But this year? I’m gonna go with Sam Mitchell. He’s got those guys up there playing like they expect to win. For doing that in Toronto, this guy has to be rewarded.
So… on to the awards!!!
Coach of the Year
Sam Mitchell – Toronto Raptors
Don Nelson has waaay more talent, Avery is only doing what we now expect him to do, and Dantoni, Popovich, Flip, Skiles, and Jerry Sloan are being blessed by the continuity and chemistry of their players. Oh, and Jeff Van Gundy sucks…that leaves only one man who’s really stood out above the rest.
Only one man successfully brought together a group of guys, none of which had more playoff expertise than RASHO NESTEROVIC, and made them into a team that is genuinely among the best in the Eastern Conference. Anyone who predicted 47 wins out of Toronto, with a group of guys who were more accomplished in Europe than the US, would’ve been stripped of their media guide. Mitchell, in one season, turned Chris Bosh into a leader, Bargnani into a cold-blooded assassin, TJ Ford into Steve Nash’s mini-me, and ALMOST made Anthony Parker as good as his sister (God bless her…).

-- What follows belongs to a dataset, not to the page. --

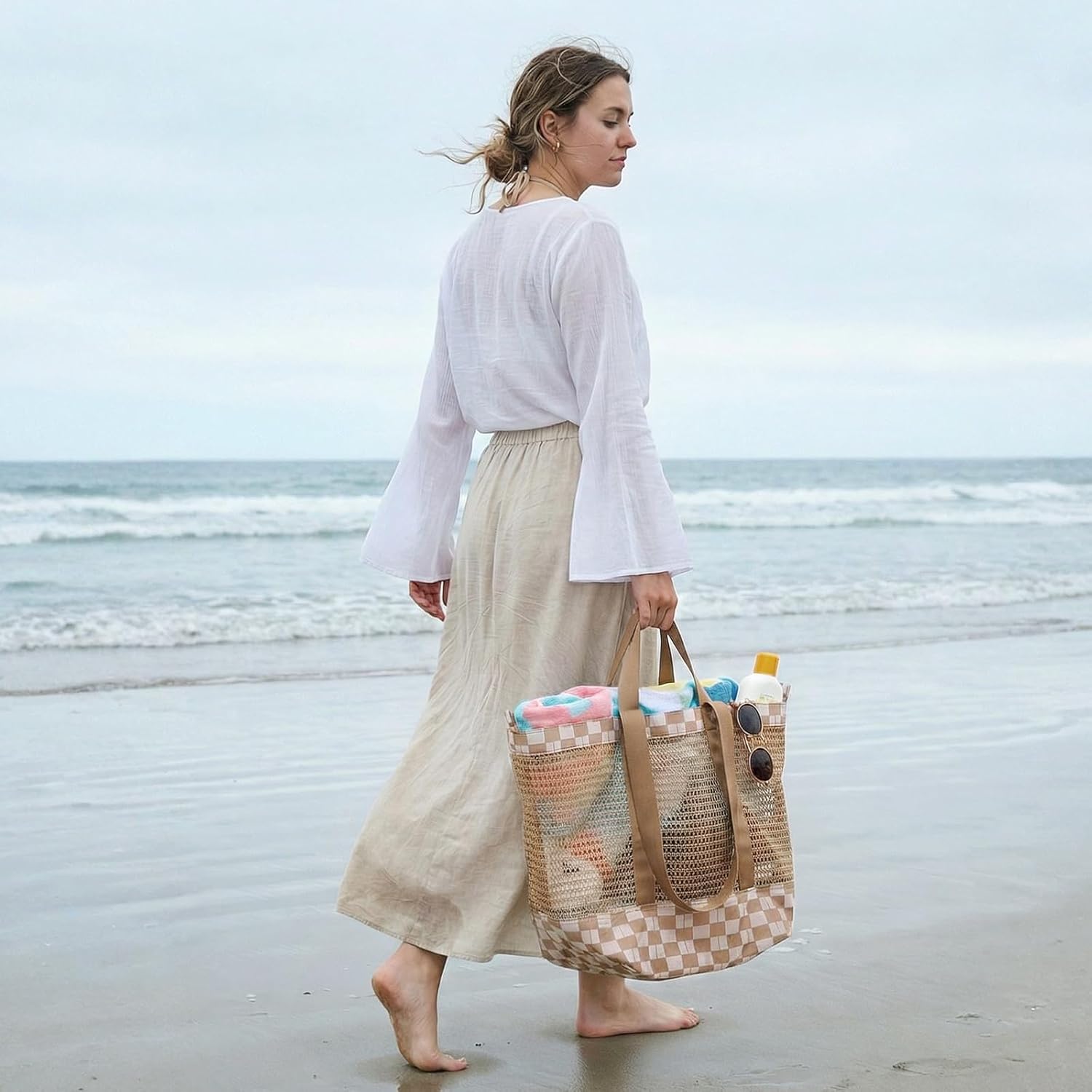 G4Free - G4Free Mesh Beach Tote Bags Extra Large Packable -TN25B599B-TN25B599D-TN25B599A-TN25B599C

Even though Avery has done an amazing job reviving the Mavs from their Finals flop, their 66 wins can’t measure up to the work it took for Sam Mitchell to get 47 in Canada. Eh?
Most Improved Player
Al Jefferson – Boston Celtics
I’ve been watching this big bruiser since the McDonalds All-Star game his senior year…I’d never heard of anyone averaging 43-18-7 in high school before. I ain’t gonna lie… I was scared of him.
And now, the rest of the league is learning as well: Big Al is to be feared.
With averages of 16 & 11, despite the poor coaching job and ilk of his teammates this season, Al is quietly becoming a force out east. This season, he literally doubled his last season averages of 8 & 5. He shot nearly 52% and approached 70% on free throws. And on the defensive end, he posted an average 1.5 blocks per game, but it showed vast improvement for a guy who was only considered an offensive threat.
One other note: once some of the lesser quality coaches and GMs are weeded out, expect the power shift to begin favoring the Eastern Conference in the next 5-10 years. Kobe, Dirk, Nash, Duncan, Garnett, Iverson, and many of the Western Conference stars are in their late 20s, early 30s—but Lebron, Dwight, Wade, Bosh, Arenas, and Big Al haven’t even scratched their mid 20s yet. The West had better watch out.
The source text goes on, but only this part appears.